I love posts like this, passionate posts that challenge assumptions and defend the things they love. Laura writes brilliantly about something that has inspired her and pushed her to challenge herself, I don’t think you can argue with that, even if the very idea of it makes you want to hide under your duvet cradling a pork pie. There’s just something incredible about finding out just what amazing things your body can do if you ask it to, and something wonderful in reading about the joy Laura takes in doing just this. Personally, I can’t wait to try a post-Minilase handstand, just to see if my body can do it (hint: I sincerely doubt it).
I am fairly new to CrossFit, so please don’t take my words as gospel or quote my subsequent ramblings as any form of authority, but I’ve been encouraged to write this piece by our very own Katielase and Siobhan after I had a little twitter rant the other day. You see The Guardian posted, what I felt, was a particularly mis-informed, ill-written and poorly researched piece on CrossFit. I got quite angry, then upset, and walked away from my computer for a while. How could they be saying such things about something which makes me so happy, makes me feel so amazing?
I could write and write for hours, picking apart that article but instead I’ll let you read it for yourself, and then hear what I have to say and make your own minds up. Both pieces, I think, will be at completely the opposite ends of the spectrum, but at least I’ve tried it. I don’t think the Guardian writer has stopped ‘spectating on people’s CrossFit obsessions instead of doing something useful with my life’ via blogs to talk to a real person. I understand that CrossFit sounds quite scary, and you definitely need to have some form of keen exercise drive to go. But if you like boot camps, or circuit training, then it might be right up your street.
There are big weights if you want to use them, it’s a lot of physical activity, and we call the gym we go to the ‘Box’. The moves are given weird names: ‘taters’ (potato what?!), ‘muscle ups’ and ‘pistol squats’ to list a few. We’re already thinking a boxing ring full of meat-heads throwing massive weights around right?
I started CrossFit because a local running team I’d joined in an attempt to make friends in a new city, really let me down and were very unwelcoming. It took a lot of bravery to get me to the ‘box’ that Monday morning, and as I stood there freezing my ass off (there is no heating, nor changing room at mine) very under-clothed, the coach met me with a massive smile on his face talked me through the plan for the session and did not leave my side once.
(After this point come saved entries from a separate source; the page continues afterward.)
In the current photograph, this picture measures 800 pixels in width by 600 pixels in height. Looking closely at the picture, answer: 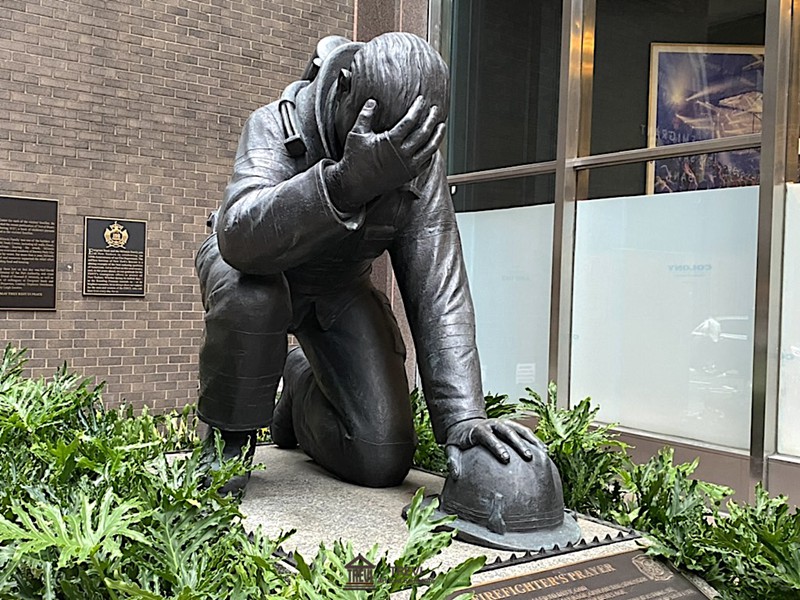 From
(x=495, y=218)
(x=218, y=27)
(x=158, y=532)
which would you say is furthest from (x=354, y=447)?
(x=218, y=27)

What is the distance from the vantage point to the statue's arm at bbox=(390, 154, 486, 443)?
9.40 ft

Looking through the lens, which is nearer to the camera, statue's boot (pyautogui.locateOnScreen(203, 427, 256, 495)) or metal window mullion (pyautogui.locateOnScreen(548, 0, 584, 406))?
statue's boot (pyautogui.locateOnScreen(203, 427, 256, 495))

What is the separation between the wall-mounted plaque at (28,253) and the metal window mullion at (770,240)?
5466 mm

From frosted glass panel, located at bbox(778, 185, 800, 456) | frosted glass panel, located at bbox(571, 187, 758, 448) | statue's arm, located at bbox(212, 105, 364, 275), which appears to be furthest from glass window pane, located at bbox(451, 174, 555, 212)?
statue's arm, located at bbox(212, 105, 364, 275)

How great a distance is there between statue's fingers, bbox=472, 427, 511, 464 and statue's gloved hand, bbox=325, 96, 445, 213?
78cm

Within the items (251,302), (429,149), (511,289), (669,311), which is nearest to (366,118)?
(429,149)

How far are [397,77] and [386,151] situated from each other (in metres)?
0.21

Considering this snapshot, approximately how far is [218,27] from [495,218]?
10.2 ft

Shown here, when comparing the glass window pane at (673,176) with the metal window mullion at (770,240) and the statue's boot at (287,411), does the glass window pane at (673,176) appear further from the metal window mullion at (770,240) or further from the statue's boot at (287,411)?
the statue's boot at (287,411)

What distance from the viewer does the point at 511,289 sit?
7555 millimetres

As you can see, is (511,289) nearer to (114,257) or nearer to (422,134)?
(114,257)

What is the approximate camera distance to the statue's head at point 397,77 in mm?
2363

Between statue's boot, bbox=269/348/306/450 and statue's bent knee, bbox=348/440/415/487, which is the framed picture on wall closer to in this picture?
statue's boot, bbox=269/348/306/450

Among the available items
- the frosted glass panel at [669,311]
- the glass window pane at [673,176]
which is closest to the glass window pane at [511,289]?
the frosted glass panel at [669,311] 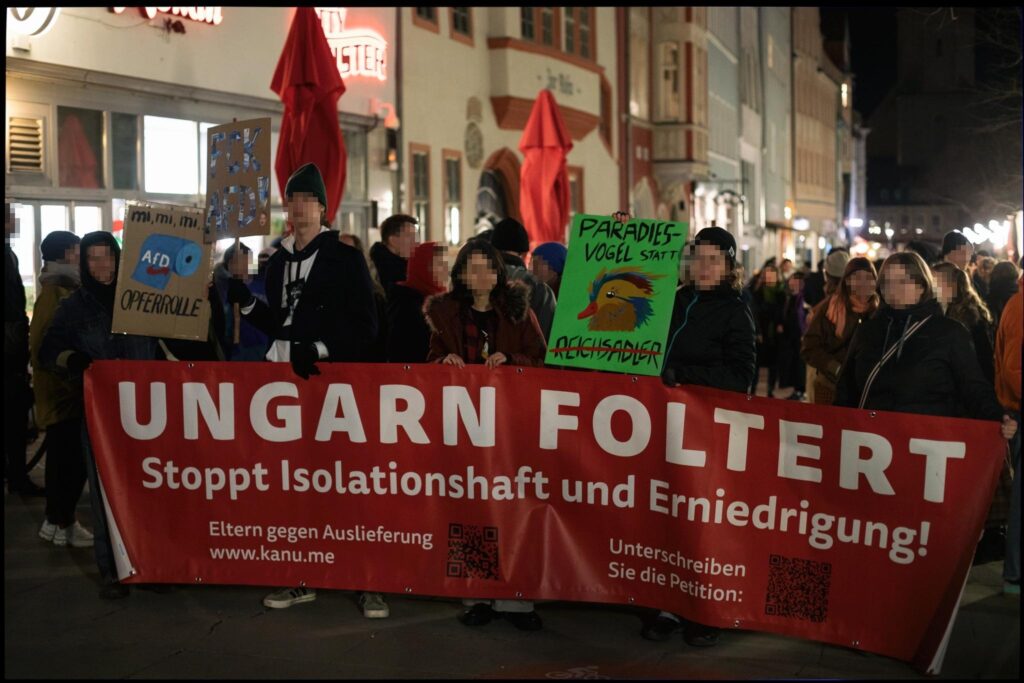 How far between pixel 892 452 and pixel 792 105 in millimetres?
62383

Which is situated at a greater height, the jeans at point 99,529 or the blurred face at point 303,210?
the blurred face at point 303,210

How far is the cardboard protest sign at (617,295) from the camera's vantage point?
629 cm

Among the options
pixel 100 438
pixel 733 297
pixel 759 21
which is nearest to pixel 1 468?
pixel 100 438

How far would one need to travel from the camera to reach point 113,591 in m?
7.09

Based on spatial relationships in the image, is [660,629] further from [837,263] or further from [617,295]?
[837,263]

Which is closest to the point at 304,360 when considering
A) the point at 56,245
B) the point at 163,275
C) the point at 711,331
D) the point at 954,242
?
the point at 163,275

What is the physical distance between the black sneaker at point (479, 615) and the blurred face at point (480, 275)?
1.54 m

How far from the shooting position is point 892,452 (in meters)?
5.76

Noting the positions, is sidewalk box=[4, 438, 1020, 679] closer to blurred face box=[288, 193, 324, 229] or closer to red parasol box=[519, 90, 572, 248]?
blurred face box=[288, 193, 324, 229]

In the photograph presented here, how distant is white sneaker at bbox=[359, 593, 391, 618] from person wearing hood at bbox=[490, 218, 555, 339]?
170cm

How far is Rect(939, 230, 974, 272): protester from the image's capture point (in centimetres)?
1050

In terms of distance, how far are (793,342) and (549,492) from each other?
11380 mm

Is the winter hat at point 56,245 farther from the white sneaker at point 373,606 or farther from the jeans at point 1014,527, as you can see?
the jeans at point 1014,527

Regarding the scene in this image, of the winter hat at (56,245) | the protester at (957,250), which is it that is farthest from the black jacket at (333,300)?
the protester at (957,250) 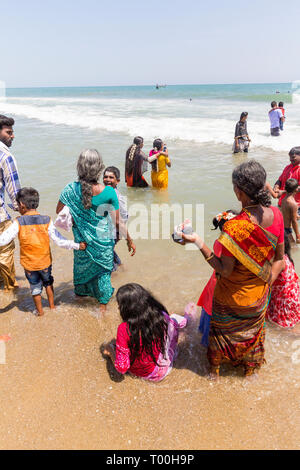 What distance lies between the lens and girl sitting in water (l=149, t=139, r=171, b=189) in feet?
21.2

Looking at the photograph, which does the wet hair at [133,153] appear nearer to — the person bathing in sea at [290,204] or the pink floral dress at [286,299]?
the person bathing in sea at [290,204]

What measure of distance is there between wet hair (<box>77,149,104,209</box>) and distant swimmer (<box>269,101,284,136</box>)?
425 inches

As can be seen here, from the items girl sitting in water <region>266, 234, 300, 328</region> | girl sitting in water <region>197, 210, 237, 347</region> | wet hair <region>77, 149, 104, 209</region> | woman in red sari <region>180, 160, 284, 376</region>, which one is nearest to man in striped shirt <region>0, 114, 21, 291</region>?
wet hair <region>77, 149, 104, 209</region>

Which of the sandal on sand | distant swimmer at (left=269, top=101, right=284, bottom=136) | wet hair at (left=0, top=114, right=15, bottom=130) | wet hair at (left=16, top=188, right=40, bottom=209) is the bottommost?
the sandal on sand

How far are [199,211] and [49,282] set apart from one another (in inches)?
131

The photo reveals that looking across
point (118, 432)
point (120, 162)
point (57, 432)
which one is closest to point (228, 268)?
point (118, 432)

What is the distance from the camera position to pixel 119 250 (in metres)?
4.53

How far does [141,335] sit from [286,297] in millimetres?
1414

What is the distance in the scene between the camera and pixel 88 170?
269 centimetres

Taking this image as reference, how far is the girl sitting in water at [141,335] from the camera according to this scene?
2205 millimetres

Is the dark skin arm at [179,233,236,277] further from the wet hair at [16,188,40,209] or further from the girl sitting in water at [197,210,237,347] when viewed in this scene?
the wet hair at [16,188,40,209]

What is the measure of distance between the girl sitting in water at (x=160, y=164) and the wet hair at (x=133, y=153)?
0.97 feet

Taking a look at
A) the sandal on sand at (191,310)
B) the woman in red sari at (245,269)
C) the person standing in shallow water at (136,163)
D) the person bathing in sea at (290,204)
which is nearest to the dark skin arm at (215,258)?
the woman in red sari at (245,269)

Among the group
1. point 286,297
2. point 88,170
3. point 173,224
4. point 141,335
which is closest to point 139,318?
point 141,335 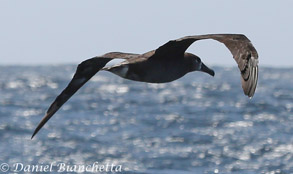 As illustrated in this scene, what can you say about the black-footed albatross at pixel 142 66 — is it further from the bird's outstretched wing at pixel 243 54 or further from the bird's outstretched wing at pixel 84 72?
the bird's outstretched wing at pixel 243 54

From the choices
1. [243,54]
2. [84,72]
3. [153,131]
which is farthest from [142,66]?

He laughed with me when I attempted my first handstand, encouraged me when I looked at the bar in horror, and cheered me on after I completed my first WOD (workout of the day). He checked I was feeling okay, if he could help me and if I had any questions. The more frequently I go, the more he steps back and lets me make my own choices about what I need to do to improve. There’ll be a ‘nice one Laura!’ shouted across the room when I nail a move, or he’ll correct me if I’ve got bad technique. There’s an entire army of coaches and trainers there, each with a smile and ridiculous abs, to show me the way. They’ve spent years training and studying to coach and you can tell. They will name that muscle you didn’t know existed when it begins to hurt, and they’ll write a plan on the board which is physically demanding but completely achievable for everyone in the room.
I don’t know where the Guardian writer gets her info but $200 a month membership? She’s clearly not shopping around (nor looking in the UK)! My box offers unlimited trials up to and including an induction before you are asked to sign up (you’re looking at over 10 sessions) and even then, membership is no more expensive than, say, a Virgin Active gym. The induction is between 3 and 6, 90minute sessions to teach you exactly what to do, where and when. Safety is of upmost importance. Personally, wandering aimlessly around a gym where I couldn’t get into classes was rather boring for £45p/m. I find CrossFit is worth every penny.
They say, if a runner has done a marathon, you’ll know about it. They’ll tell you within the first ten minutes of you meeting that they completed ABC marathon in XYZ time. The CrossFitters I’ve met don’t boast about their weights, or their time, or even if they compete. They might proudly tell you about another member who is currently hitting a PB, or tell you how sore they are from their last session. They struggle, they are humble, and they are quietly proud of themselves and their community.
I hope they can teach me to focus like they do, have the mental strength to keep technique perfect when my lungs are burning, and embrace everyone’s abilities for what they are. It doesn’t matter if you don’t finish the set, as long as you did everything to the best of your ability.
I hope they can teach me to be modest, to be happy with my own abilities and be less judgemental, to stop comparing myself. CrossFitters are the most supportive, kindest people I’ve met in this city, and I’m not going anywhere.
Of course, the abs are also a bonus.
Above all, I hope the Guardian writer, however intimidated or disgusted she feels with both men and women lifting some weights in a fit of ‘hairy-chested competitiveness’ takes a moment to try something before she next slates it. I openly invite her to come to a session with me, I guarantee I’ll be there will pom-poms, as will every other member, and she will leave feeling like she’s kicked this week’s ass, and can take on the world. She can even check my chest for hairs if she likes, I’m no prude.